Tra le novità più importanti, che incidono direttamente sulle vittime che intendono presentare ricorso a Strasburgo e sugli avvocati che agiscono per loro conto, il cambiamento di alcune condizioni di ricevibilità. Il limite temporale per la presentazione di un ricorso, previsto dall’articolo 35 della Convenzione, passa, infatti, da sei a quattro mesi a partire dalla decisione interna definitiva.
Questo cambiamento che, nel rapporto esplicativo è giustificato dalle nuove tecnologie, scatterà dal 1° febbraio 2022 proprio per escludere l’applicazione retroattiva, garantendo il diritto alla tutela giurisdizionale effettiva. Con lo stesso scopo, il nuovo termine non si applicherà ai ricorsi sui quali la decisione sulla ricevibilità sia stata già adottata, prima dell’entrata in vigore dell’articolo 4 del Protocollo, da una formazione giudiziaria di Strasburgo.
Immediatamente operative, invece, le altre novità che puntano ad assicurare una maggiore efficienza nel funzionamento del sistema di garanzia e un taglio dei tempi per la definizione dei ricorsi. Così, ci si potrà rivolgere a Strasburgo solo in presenza di un pregiudizio importante e non anche nei casi in cui un ricorso non sia stato debitamente esaminato dai giudici nazionali.
Il principio di sussidiarietà, già applicabile, in realtà, attraverso la regola del previo esaurimento dei ricorsi interni, è ormai “codificato” nel testo convenzionale: sono gli Stati, in primo luogo, a dover garantire il rispetto dei diritti fissati nella Convenzione e nei suoi Protocolli, “in modo conforme al principio di sussidiarietà”.
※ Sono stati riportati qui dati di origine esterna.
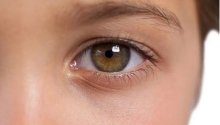 Hazel eye 2.jpg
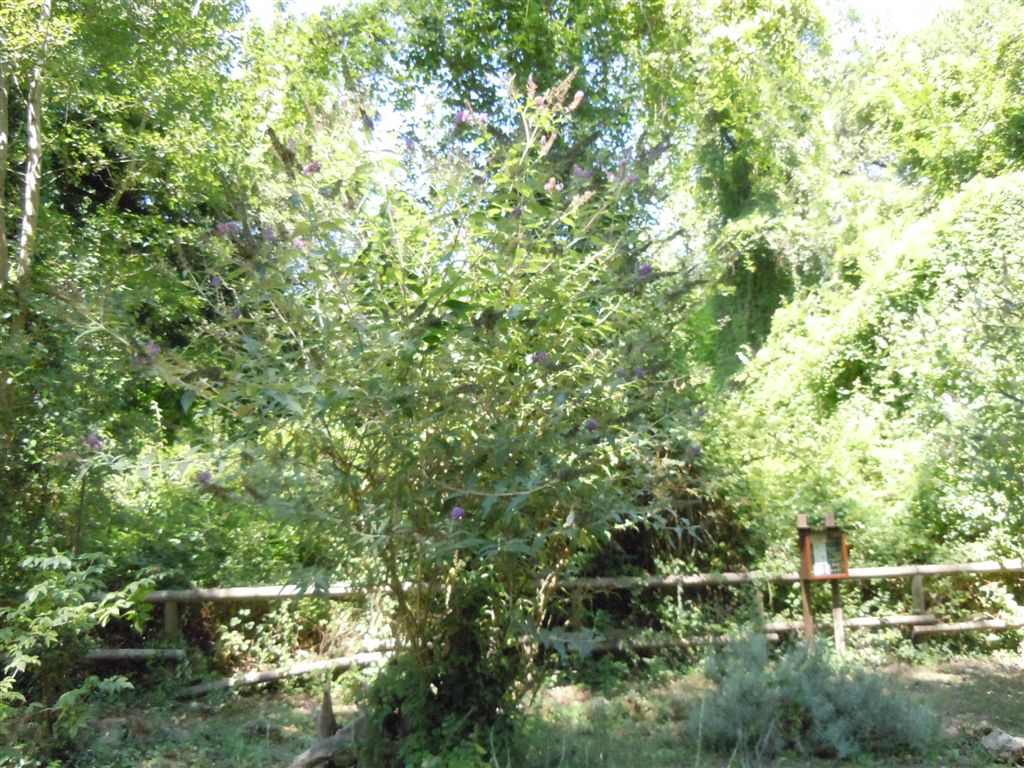 Buddleja davidii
Nel considerando al Preambolo della Convenzione europea, con il Protocollo n. 15, è stato introdotto il principio del margine di apprezzamento – da ampio a ristretto – concesso agli Stati nell’applicazione dei diritti convenzionali seppure sempre «sotto il controllo della Corte europea dei diritti dell’uomo». Tra le novità di funzionamento, l’eliminazione del “diritto di veto” dello Stato o del ricorrente nei casi in cui una sezione della Corte decida di deferire il caso alla Grande camera, che dovrebbe portare a un’accelerazione nelle decisioni della Corte nei casi più complessi. Per quanto riguarda la candidatura a giudice della Corte europea, il Protocollo cambia i limiti di età aprendo le porte solo a coloro che abbiano meno di 65 anni alla data in cui la lista di tre candidati, fornita dagli Stati, arriva all’assemblea parlamentare del Consiglio d’Europa. Il mandato è sempre di nove anni e, quindi, l’età massima passa da 70 a 74.